| Activity |
Every line below between the line holding "3 bedroom flat" and the line holding "Reebok zip up", inclusive, should be repeated exactly, and all other lines omitted.

| Data items |
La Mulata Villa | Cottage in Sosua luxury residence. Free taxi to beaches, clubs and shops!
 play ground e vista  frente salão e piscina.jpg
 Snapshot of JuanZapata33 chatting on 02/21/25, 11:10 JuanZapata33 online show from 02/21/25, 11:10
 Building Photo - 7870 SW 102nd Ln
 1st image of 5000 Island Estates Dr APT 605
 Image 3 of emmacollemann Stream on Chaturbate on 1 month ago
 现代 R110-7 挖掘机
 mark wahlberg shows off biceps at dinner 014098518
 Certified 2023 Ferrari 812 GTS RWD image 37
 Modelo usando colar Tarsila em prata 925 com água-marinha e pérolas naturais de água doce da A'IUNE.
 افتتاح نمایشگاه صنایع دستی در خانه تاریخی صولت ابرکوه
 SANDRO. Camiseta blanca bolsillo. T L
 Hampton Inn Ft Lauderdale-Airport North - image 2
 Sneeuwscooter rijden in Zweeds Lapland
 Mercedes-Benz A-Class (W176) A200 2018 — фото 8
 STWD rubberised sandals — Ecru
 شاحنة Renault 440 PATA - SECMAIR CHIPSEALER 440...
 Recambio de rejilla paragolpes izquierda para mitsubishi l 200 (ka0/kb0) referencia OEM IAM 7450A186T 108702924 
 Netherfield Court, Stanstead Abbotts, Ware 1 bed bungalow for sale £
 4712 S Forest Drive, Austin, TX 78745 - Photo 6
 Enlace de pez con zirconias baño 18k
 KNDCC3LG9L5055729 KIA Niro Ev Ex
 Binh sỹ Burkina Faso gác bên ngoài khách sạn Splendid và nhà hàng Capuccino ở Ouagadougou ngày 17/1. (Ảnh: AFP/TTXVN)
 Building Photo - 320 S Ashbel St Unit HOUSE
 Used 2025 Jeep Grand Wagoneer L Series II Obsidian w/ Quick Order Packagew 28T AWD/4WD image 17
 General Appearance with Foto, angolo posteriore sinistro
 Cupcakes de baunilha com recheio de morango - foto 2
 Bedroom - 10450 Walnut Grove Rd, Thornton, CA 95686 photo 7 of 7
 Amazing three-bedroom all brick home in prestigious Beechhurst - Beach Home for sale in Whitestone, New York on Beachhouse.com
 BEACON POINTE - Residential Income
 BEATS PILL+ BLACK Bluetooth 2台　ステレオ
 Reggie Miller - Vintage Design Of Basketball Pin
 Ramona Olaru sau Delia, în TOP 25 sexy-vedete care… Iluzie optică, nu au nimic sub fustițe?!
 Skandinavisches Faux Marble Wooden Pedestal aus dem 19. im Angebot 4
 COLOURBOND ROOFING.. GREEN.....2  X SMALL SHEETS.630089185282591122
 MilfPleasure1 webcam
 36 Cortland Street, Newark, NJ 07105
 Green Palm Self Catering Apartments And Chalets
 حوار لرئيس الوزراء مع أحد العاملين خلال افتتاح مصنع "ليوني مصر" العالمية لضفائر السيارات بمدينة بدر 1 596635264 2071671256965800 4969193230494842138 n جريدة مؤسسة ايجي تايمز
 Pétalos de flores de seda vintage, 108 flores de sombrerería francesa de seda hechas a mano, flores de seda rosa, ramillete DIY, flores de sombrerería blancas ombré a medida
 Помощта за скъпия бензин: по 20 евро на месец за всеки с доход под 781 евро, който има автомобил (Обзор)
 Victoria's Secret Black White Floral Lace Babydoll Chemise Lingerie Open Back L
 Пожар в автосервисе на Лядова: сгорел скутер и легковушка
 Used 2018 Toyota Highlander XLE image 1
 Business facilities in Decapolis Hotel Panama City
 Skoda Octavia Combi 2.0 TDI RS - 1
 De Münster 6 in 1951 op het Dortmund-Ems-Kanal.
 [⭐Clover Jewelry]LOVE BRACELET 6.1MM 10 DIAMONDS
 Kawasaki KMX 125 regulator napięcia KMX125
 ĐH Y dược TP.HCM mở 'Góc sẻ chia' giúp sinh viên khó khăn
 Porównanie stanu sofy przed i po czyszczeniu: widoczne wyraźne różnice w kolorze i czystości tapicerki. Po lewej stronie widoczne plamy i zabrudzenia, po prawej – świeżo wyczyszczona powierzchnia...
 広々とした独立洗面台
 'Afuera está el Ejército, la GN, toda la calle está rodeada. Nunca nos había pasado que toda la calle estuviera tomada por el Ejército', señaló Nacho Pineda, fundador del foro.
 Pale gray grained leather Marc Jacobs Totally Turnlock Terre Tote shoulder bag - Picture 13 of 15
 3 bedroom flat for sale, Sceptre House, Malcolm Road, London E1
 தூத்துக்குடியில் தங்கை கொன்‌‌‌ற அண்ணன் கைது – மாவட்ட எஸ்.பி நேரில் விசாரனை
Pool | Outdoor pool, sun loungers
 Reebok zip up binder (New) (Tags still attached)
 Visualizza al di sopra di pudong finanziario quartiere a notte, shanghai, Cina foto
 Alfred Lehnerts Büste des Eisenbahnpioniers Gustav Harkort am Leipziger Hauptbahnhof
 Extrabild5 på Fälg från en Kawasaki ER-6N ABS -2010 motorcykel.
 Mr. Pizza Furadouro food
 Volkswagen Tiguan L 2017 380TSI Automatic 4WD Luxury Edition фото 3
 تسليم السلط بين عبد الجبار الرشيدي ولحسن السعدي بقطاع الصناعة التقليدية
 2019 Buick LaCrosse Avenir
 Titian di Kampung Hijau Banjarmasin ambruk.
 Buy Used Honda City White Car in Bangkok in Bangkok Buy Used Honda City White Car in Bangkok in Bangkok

| Response below |
 3 bedroom flat for sale, Sceptre House, Malcolm Road, London E1
 தூத்துக்குடியில் தங்கை கொன்‌‌‌ற அண்ணன் கைது – மாவட்ட எஸ்.பி நேரில் விசாரனை
Pool | Outdoor pool, sun loungers
 Reebok zip up binder (New) (Tags still attached)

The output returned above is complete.